● DATASET EXCERPTS:
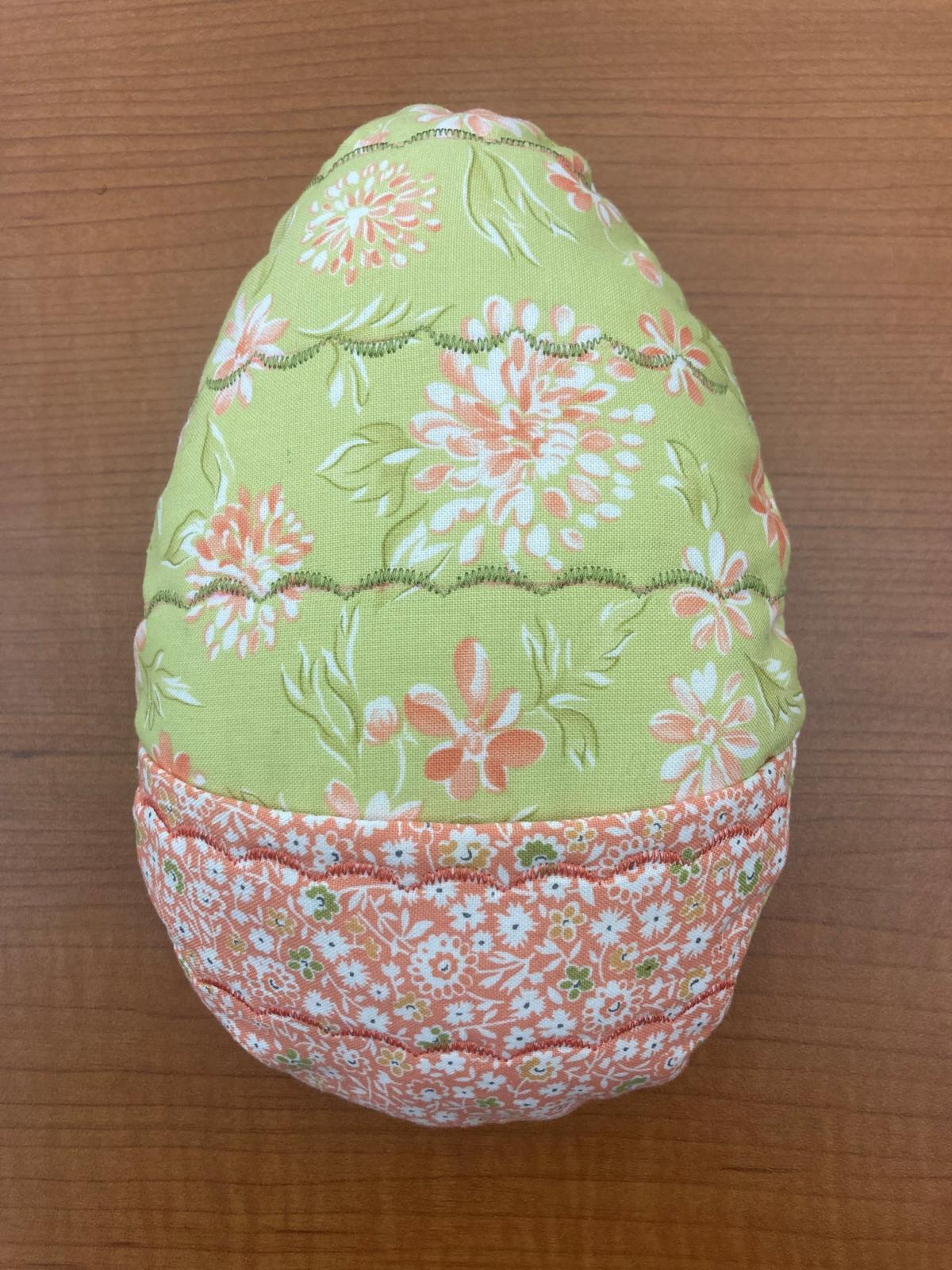 Fabric egg with a pocket on the front.
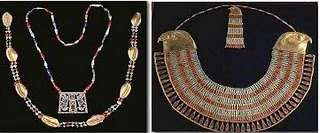 ancient egyptian jewelery holding amulets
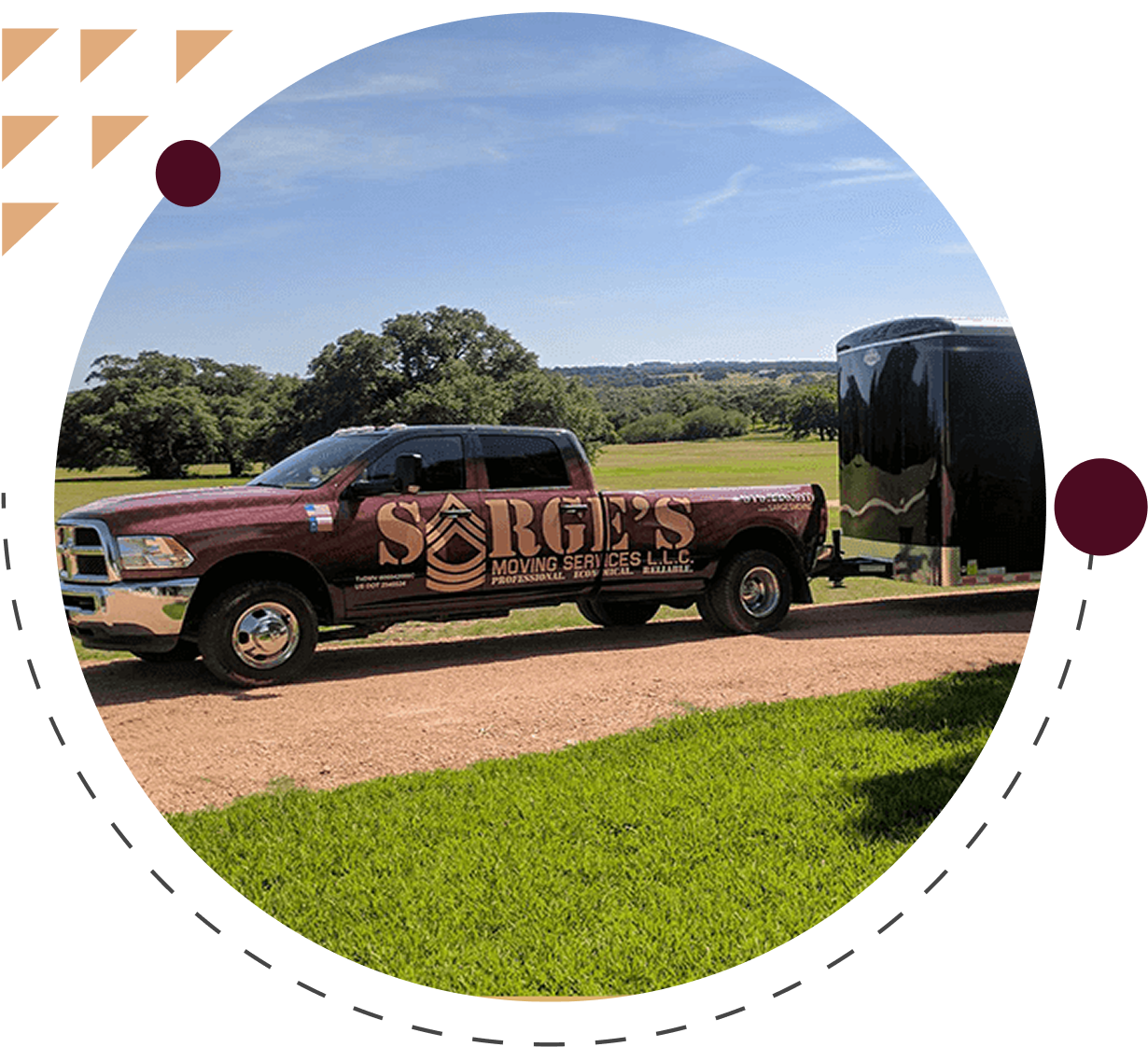 Moving truck with trailer on scenic road.
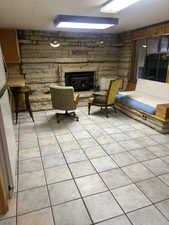 Living area featuring light tile patterned floors and a fireplace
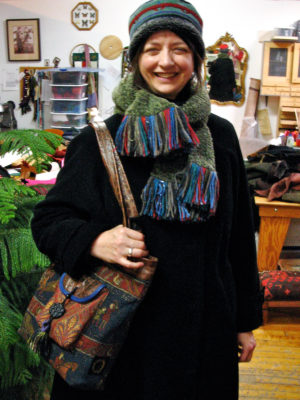 Happy new customer wearing her new Tibetan hat and Marco Polo Tote bag.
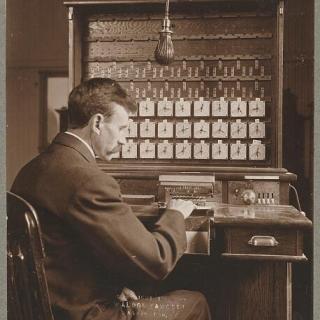 A census worker operating a Hollerith machine in 1908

● WHAT IS NEEDED:
Take the line with "Living area featuring" as the first line and the last line of the records above as the final one; reproduce exactly the lines between them, both included, without pictures.

● TASK RESPONSE:
 Living area featuring light tile patterned floors and a fireplace
 Happy new customer wearing her new Tibetan hat and Marco Polo Tote bag.
 A census worker operating a Hollerith machine in 1908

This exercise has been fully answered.